The library has been helpful in AI applications that predict house prices. It offers efficient scalability from a single CPU to GPUs to multiple machines without sacrificing a quality degree of speed and accuracy. In addition, it serves big clients like Skype, Cortana, and Bing.
10. NICE CXone
NICE uses artificial intelligence to improve contact centres, enable predictive decision-making, and assist organisations in better understanding their consumers.
The firm recently revealed its Enlighten AI technology, which automates day-to-day customer-facing duties, alongside CXone SmartReach, a conversational AI technology for proactive customer engagement. It aids in the integration of AI-powered self-service across the customer experience. It also offers AI and machine learning-driven customer experience data to help businesses uncover opportunities and pain spots.
AI/ML is a game changer for businesses due to its ability to process massive volumes of information at lightning speed and apply complex statistical algorithms that can learn and adapt. Further, advancements in hi-tech hardware make computing resources for AI readily available and accessible. For instance, Meta Platforms is working on a cutting-edge supercomputer that will process AI 20x faster than currently possible. These Ten applications have made the most significant strides in AI/ML technology and should be on every enterprise buyer’s watchlist.

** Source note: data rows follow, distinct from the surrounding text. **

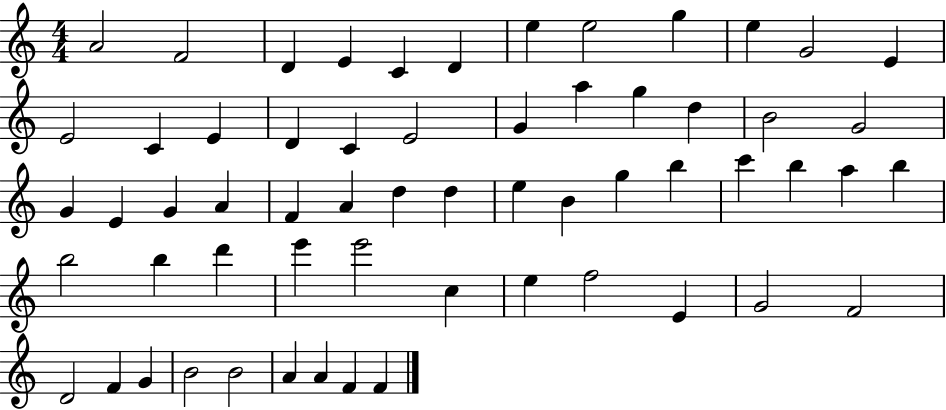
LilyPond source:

{
  \clef treble
  \numericTimeSignature
  \time 4/4
  \key c \major
  a'2 f'2 | d'4 e'4 c'4 d'4 | e''4 e''2 g''4 | e''4 g'2 e'4 | \break e'2 c'4 e'4 | d'4 c'4 e'2 | g'4 a''4 g''4 d''4 | b'2 g'2 | \break g'4 e'4 g'4 a'4 | f'4 a'4 d''4 d''4 | e''4 b'4 g''4 b''4 | c'''4 b''4 a''4 b''4 | \break b''2 b''4 d'''4 | e'''4 e'''2 c''4 | e''4 f''2 e'4 | g'2 f'2 | \break d'2 f'4 g'4 | b'2 b'2 | a'4 a'4 f'4 f'4 | \bar "|."
}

AI/ML is a game changer for businesses due to its ability to process massive volumes of information at lightning speed and apply complex statistical algorithms that can learn and adapt. Further, advancements in hi-tech hardware make computing resources for AI readily available and accessible. For instance, Meta Platforms is working on a cutting-edge supercomputer that will process AI 20x faster than currently possible. These Ten applications have made the most significant strides in AI/ML technology and should be on every enterprise buyer’s watchlist.